Material provided >>
= = = = =

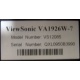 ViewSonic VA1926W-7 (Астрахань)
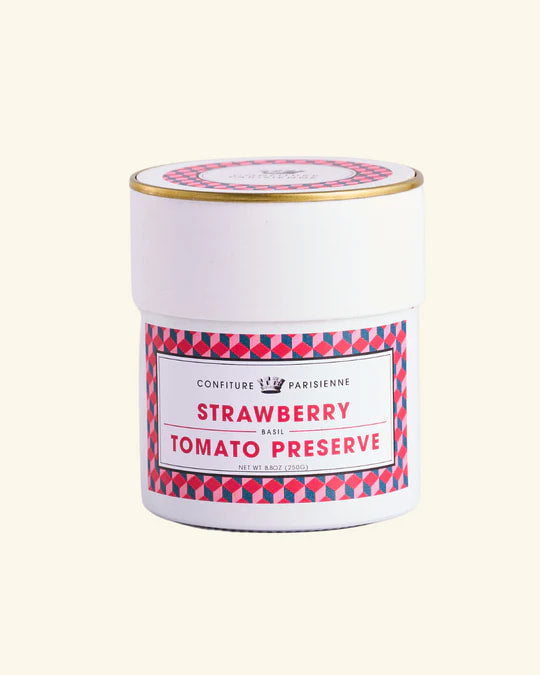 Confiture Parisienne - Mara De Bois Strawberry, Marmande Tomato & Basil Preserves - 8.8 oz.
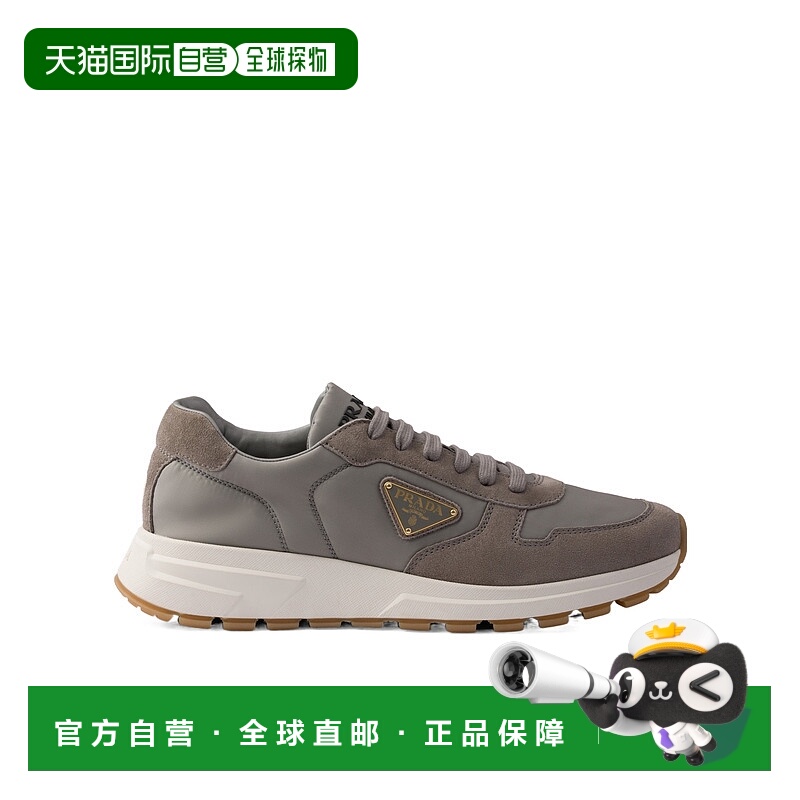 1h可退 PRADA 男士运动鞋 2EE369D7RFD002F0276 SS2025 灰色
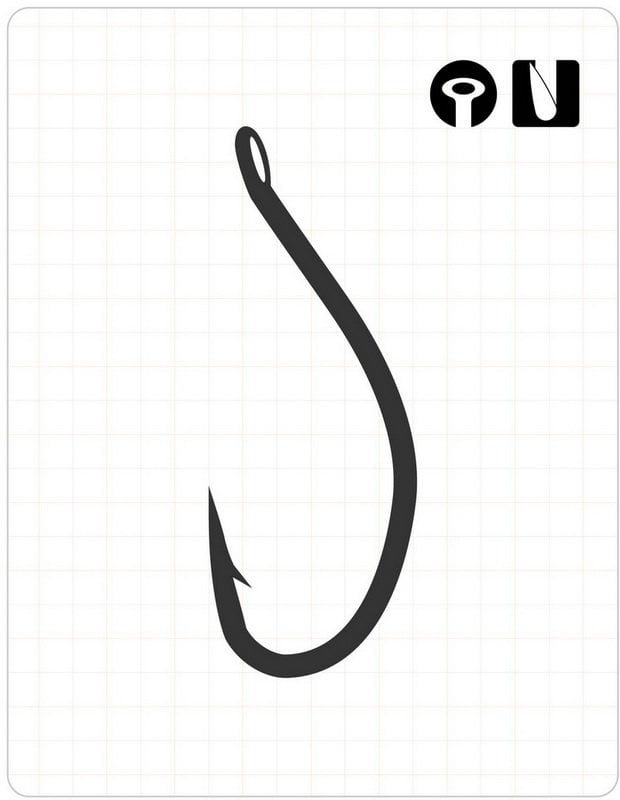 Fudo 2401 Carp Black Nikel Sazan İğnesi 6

= = = = =

Task instructions >> Please retype the listing exactly, leaving out any images.

Solution >>
 ViewSonic VA1926W-7 (Астрахань)
 Confiture Parisienne - Mara De Bois Strawberry, Marmande Tomato & Basil Preserves - 8.8 oz.
 1h可退 PRADA 男士运动鞋 2EE369D7RFD002F0276 SS2025 灰色
 Fudo 2401 Carp Black Nikel Sazan İğnesi 6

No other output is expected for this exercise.